• INSTRUCTIONS FOR THE TASK: Copy the data below exactly, but not the pictures it contains.

• INFORMATION SUPPLIED:
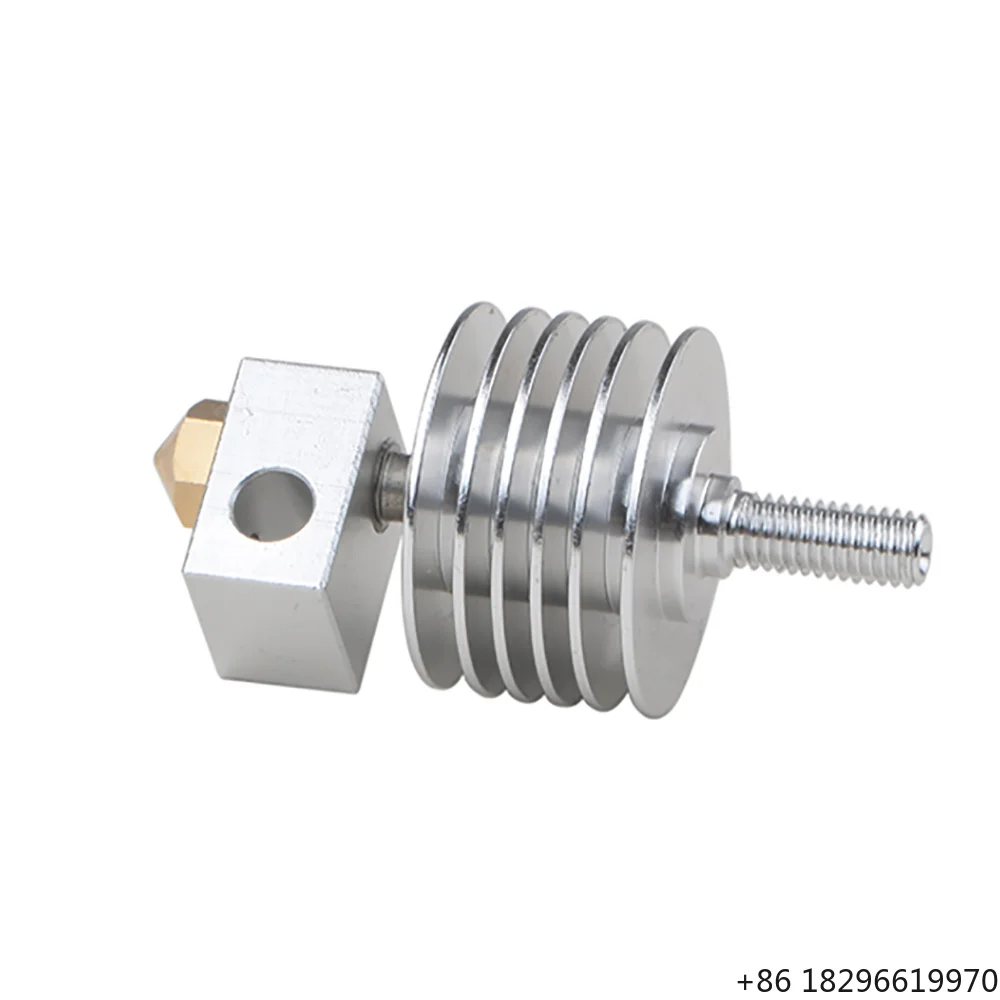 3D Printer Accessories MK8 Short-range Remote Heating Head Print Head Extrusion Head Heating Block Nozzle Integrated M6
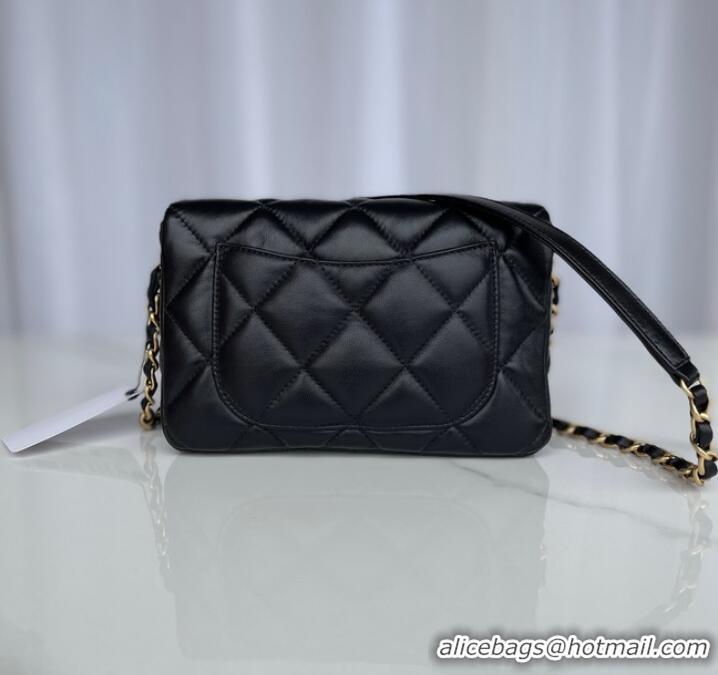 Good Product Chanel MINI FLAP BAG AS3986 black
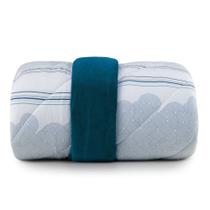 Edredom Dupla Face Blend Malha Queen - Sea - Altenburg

• PROBLEM SOLUTION:
 3D Printer Accessories MK8 Short-range Remote Heating Head Print Head Extrusion Head Heating Block Nozzle Integrated M6
 Good Product Chanel MINI FLAP BAG AS3986 black
 Edredom Dupla Face Blend Malha Queen - Sea - Altenburg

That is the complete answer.